**DATA SUPPLIED:**
+ + + + + + +
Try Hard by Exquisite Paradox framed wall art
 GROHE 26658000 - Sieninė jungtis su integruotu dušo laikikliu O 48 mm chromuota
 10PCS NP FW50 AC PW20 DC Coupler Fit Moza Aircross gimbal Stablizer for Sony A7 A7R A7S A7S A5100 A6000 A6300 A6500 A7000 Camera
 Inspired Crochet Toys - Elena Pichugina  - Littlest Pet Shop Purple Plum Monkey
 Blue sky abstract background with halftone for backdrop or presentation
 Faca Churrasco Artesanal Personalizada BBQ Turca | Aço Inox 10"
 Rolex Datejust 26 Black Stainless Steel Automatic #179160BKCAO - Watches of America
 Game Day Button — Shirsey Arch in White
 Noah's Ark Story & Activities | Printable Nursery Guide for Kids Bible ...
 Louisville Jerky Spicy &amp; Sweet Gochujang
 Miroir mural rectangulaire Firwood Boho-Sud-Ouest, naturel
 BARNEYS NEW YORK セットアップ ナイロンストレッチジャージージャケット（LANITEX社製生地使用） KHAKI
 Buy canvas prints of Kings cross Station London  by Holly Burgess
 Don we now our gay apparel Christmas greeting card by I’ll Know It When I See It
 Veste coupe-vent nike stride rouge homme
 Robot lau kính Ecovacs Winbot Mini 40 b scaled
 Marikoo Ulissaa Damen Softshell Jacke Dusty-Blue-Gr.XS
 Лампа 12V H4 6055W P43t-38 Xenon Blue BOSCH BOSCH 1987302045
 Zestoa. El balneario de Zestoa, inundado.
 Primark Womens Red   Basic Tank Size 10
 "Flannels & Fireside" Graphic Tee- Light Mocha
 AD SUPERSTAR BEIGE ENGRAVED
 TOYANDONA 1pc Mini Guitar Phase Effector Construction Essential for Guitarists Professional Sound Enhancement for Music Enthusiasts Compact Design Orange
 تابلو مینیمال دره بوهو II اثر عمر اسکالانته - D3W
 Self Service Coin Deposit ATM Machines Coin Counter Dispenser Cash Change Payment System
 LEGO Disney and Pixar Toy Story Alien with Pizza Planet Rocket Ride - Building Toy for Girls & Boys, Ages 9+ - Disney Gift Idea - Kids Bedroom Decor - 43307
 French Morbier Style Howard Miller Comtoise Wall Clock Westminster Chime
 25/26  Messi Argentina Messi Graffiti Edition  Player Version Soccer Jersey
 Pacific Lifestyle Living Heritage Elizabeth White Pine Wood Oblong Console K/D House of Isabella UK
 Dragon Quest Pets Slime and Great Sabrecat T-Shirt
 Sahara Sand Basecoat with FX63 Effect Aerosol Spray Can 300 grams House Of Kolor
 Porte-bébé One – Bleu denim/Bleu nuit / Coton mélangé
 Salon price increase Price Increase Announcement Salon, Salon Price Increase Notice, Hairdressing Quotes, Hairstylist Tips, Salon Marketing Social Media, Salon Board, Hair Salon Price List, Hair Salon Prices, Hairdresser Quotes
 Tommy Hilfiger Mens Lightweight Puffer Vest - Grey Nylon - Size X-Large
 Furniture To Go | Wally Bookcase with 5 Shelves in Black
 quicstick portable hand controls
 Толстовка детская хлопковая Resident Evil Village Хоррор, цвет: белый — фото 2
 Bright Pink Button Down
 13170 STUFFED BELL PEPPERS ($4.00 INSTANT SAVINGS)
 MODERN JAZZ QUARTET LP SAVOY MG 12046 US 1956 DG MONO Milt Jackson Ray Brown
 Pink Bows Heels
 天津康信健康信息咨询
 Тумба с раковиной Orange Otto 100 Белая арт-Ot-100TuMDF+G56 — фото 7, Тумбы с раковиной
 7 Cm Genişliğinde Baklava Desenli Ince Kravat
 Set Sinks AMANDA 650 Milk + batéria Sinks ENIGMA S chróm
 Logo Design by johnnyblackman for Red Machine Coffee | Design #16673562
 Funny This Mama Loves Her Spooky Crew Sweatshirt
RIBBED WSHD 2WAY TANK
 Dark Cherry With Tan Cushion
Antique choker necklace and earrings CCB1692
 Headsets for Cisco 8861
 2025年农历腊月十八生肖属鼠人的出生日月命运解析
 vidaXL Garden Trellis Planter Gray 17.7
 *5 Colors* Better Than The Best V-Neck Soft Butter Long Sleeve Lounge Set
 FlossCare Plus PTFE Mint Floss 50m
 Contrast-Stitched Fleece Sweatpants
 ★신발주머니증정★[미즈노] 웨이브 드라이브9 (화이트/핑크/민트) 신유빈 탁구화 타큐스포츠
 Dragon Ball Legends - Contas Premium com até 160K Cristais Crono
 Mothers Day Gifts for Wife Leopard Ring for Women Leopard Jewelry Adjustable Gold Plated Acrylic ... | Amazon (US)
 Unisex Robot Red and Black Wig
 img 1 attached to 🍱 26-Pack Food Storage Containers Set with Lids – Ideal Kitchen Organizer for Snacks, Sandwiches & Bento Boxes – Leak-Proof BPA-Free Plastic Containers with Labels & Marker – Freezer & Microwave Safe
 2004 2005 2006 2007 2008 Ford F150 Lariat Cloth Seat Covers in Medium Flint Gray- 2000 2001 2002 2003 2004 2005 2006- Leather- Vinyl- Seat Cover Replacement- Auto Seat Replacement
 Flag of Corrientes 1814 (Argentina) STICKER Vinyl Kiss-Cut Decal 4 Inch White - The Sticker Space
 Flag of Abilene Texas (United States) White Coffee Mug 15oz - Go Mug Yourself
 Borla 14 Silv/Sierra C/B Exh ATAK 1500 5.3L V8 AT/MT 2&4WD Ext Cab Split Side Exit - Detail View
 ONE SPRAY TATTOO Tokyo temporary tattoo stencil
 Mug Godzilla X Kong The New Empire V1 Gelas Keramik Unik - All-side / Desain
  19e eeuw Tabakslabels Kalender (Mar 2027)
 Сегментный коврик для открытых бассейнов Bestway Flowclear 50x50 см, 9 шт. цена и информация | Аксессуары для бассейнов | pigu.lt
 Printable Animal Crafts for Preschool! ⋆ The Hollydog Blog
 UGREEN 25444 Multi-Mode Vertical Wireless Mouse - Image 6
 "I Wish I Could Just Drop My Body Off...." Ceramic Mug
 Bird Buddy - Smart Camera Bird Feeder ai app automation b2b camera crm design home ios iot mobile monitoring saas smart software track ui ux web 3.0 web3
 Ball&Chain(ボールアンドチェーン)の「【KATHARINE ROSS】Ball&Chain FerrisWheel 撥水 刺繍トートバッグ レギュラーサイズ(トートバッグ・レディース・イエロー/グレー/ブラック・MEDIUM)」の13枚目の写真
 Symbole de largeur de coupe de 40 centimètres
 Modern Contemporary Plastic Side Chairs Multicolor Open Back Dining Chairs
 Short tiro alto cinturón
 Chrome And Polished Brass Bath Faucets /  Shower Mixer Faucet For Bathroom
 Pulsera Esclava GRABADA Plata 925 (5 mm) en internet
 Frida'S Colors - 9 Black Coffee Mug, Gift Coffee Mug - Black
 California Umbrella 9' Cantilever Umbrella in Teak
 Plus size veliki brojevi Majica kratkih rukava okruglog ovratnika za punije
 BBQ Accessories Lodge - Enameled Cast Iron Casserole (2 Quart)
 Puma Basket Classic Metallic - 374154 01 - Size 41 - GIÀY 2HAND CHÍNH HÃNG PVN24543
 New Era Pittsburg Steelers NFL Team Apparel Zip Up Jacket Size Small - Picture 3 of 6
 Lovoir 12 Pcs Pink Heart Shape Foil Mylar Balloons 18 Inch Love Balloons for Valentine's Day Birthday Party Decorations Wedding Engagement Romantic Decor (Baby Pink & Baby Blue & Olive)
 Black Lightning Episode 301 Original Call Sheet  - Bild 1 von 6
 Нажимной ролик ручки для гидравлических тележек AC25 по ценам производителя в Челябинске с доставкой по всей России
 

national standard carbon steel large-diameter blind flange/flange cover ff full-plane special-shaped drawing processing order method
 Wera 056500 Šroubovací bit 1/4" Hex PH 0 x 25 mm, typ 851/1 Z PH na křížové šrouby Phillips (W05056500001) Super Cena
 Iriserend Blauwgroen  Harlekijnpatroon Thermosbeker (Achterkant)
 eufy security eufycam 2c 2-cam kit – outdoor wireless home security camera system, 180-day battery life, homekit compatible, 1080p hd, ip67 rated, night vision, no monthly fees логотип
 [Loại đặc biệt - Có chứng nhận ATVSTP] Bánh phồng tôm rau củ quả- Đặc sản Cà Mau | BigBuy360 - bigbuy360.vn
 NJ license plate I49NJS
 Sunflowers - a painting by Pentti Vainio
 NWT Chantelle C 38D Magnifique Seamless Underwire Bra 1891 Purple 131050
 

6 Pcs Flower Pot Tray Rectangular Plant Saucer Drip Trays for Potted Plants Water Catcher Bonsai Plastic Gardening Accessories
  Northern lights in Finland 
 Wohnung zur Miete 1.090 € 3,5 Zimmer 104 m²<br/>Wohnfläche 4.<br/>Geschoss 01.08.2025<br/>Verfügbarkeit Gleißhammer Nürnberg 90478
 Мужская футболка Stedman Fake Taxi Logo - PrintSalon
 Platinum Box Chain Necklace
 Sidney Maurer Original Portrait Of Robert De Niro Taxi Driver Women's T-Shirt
+ + + + + + +
**BRIEF:** Set the material down exactly as written, starting at its first line. The line containing "Pacific Lifestyle Living" is the last one to include.

**RESULT OF THE EXERCISE:**
Try Hard by Exquisite Paradox framed wall art
 GROHE 26658000 - Sieninė jungtis su integruotu dušo laikikliu O 48 mm chromuota
 10PCS NP FW50 AC PW20 DC Coupler Fit Moza Aircross gimbal Stablizer for Sony A7 A7R A7S A7S A5100 A6000 A6300 A6500 A7000 Camera
 Inspired Crochet Toys - Elena Pichugina  - Littlest Pet Shop Purple Plum Monkey
 Blue sky abstract background with halftone for backdrop or presentation
 Faca Churrasco Artesanal Personalizada BBQ Turca | Aço Inox 10"
 Rolex Datejust 26 Black Stainless Steel Automatic #179160BKCAO - Watches of America
 Game Day Button — Shirsey Arch in White
 Noah's Ark Story & Activities | Printable Nursery Guide for Kids Bible ...
 Louisville Jerky Spicy &amp; Sweet Gochujang
 Miroir mural rectangulaire Firwood Boho-Sud-Ouest, naturel
 BARNEYS NEW YORK セットアップ ナイロンストレッチジャージージャケット（LANITEX社製生地使用） KHAKI
 Buy canvas prints of Kings cross Station London  by Holly Burgess
 Don we now our gay apparel Christmas greeting card by I’ll Know It When I See It
 Veste coupe-vent nike stride rouge homme
 Robot lau kính Ecovacs Winbot Mini 40 b scaled
 Marikoo Ulissaa Damen Softshell Jacke Dusty-Blue-Gr.XS
 Лампа 12V H4 6055W P43t-38 Xenon Blue BOSCH BOSCH 1987302045
 Zestoa. El balneario de Zestoa, inundado.
 Primark Womens Red   Basic Tank Size 10
 "Flannels & Fireside" Graphic Tee- Light Mocha
 AD SUPERSTAR BEIGE ENGRAVED
 TOYANDONA 1pc Mini Guitar Phase Effector Construction Essential for Guitarists Professional Sound Enhancement for Music Enthusiasts Compact Design Orange
 تابلو مینیمال دره بوهو II اثر عمر اسکالانته - D3W
 Self Service Coin Deposit ATM Machines Coin Counter Dispenser Cash Change Payment System
 LEGO Disney and Pixar Toy Story Alien with Pizza Planet Rocket Ride - Building Toy for Girls & Boys, Ages 9+ - Disney Gift Idea - Kids Bedroom Decor - 43307
 French Morbier Style Howard Miller Comtoise Wall Clock Westminster Chime
 25/26  Messi Argentina Messi Graffiti Edition  Player Version Soccer Jersey
 Pacific Lifestyle Living Heritage Elizabeth White Pine Wood Oblong Console K/D House of Isabella UK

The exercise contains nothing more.